I'm not sure that Oprah's audience is ready for the e-book. After all, it's not as if techies are all that keen on e-books, and I have a sense that even those techies who are keen customers of sites like Fictionwise mostly read their downloads on PDAs rather than dedicated e-book readers.
Still, it'd be tremendous to see someone make this idea work.
March 7th, 2003
When Movie Posters Collide…
Crouching Tigger, Hidden Pooh? Grumpy Old Men In Black? Sheer genius!
March 6th, 2003
I think the title says it all.
[Via Burnt Toast]
March 6th, 2003
Now this is an episode of Friends I'd tune in for:
Ross arrives and starts to whine. Suddenly an armor-clad warrior rushes in and with a blast from a space-age weapon reduces Ross to a pile of twitching viscera. But the show must go on, so Ross pulls himself together and rises to complete his sniveling soliloquy. Just as he finishes, he is slaughtered again. Call this episode "The One Where Ross Is Repeatedly Annihilated by a Plasma Rifle."
Sadly it's not a leaked script, just a New York Times article (NB: free registration required) about an artistic "happening" which will take place this weekend in which Quake gladiators will act out a script from Friends. The catch is that other Quake players will be able to wander on set fully armed.
Apparently this isn't the first time someone has translated a scripted work to suit the demands of a virtual space:
In 1998 computer scientists performed a version of "A Midsummer Night's Dream" in a crudely rendered 3-D environment. It was not for the faint of heart or slow of modem. In 1997 Desktop Theater, an experimental online group, staged a reading of "Waiting for Godot" within an Internet chat room. The play's main characters were represented by lime-green circles that talked.
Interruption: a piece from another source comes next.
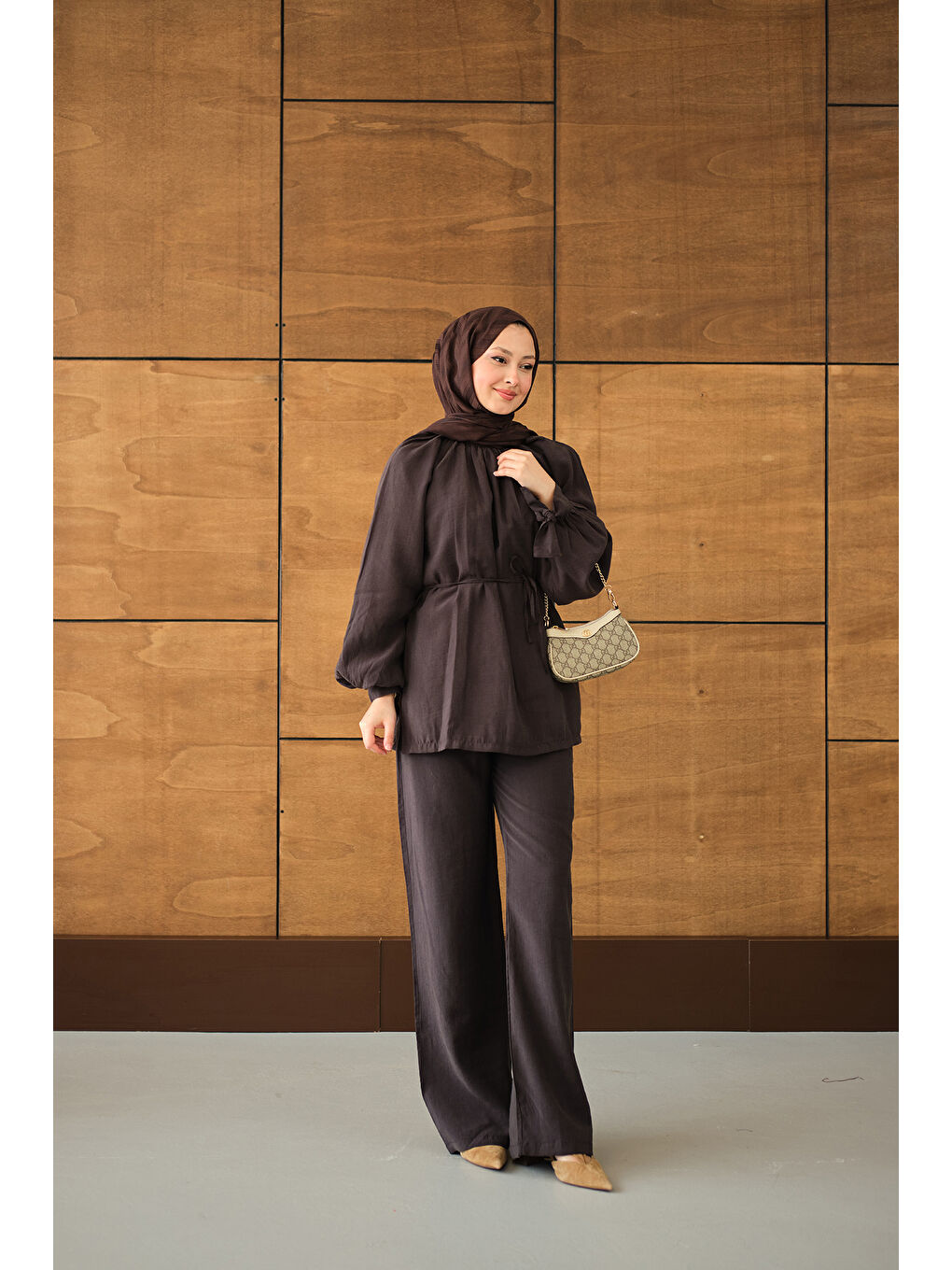 Kadın Yaka Büzgülü Bilek Bağlamalı Pantolonlu Takım Kahverengi-4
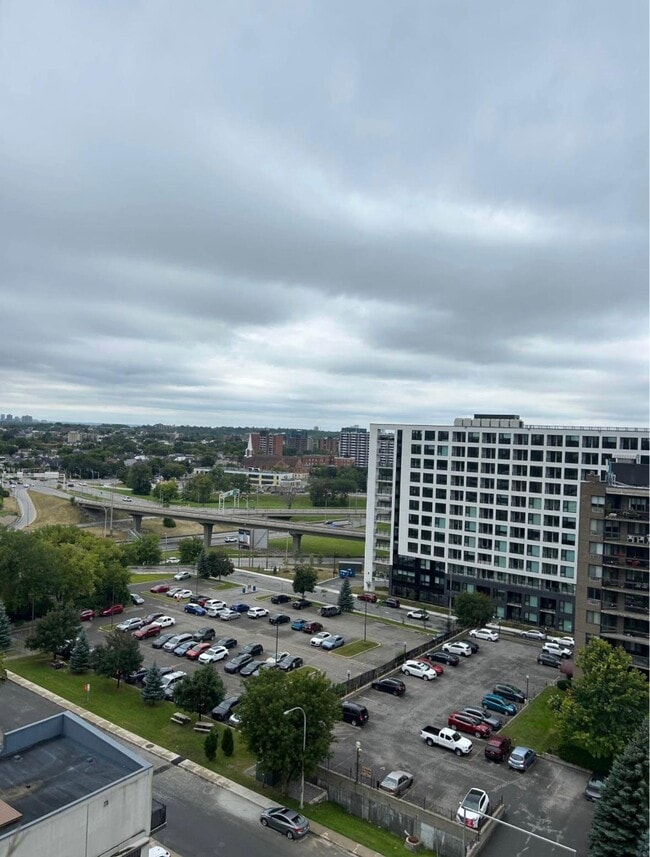property at 285 Laurier St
The performance was derailed when a muscleman who claimed to be Godot arrived and declared the wait to be over.
In Quake, no doubt Godot would appear with guns a-blazing.
March 5th, 2003
The Real Live Preacher relates the tale of The Advent of Elliot.
So what did you do in the 90s?
A couple in our church, Stan and Carol, spent the 90s trying to have a baby. They blew an entire decade doing the infertility dance.
You know the infertility dance, right? First you try to relax and "let it happen". Then you pray to Jesus, who always seems to be busy doing other things. After that you give all your money to doctors and do all the weird shit they recommend. Finally, you bow to your partner and offer up your credit cards.
This dance will flat take it out of you.
Happily, there's a positive conclusion:
He runs up and down the hall in his little "Bob the Builder" shoes. He has no idea who he is. He has no idea how long we waited for him.
He's only a little boy, but he's special to us. He brought life to Stan and Carol. He brought them back from the dead. His advent brought light to people who had been walking in darkness.
It's not really a story about a baby, it's a story of a community.
March 5th, 2003
Dea Birkett rejoices in a graphic demonstration of the limits of the "you can achieve anything if you really, really want it badly enough" philosophy espoused by the likes of yachtswoman Ellen MacArthur.
I wouldn't go along with Birkett's opening line, but her general thesis is spot on. It's not that people shouldn't pursue their dreams, or that they should give up after an initial failure – who would bet that eventually MacArthur won't eventually set a new round-the-world sailing record? – but that it's simplistic to suggest that desire will always prosper regardless of circumstance, and it's a pernicious social policy which assumes that willpower conquers all. (As Jon notes, this ties in nicely with an earlier discussion on his site on the problems of meritocracy.)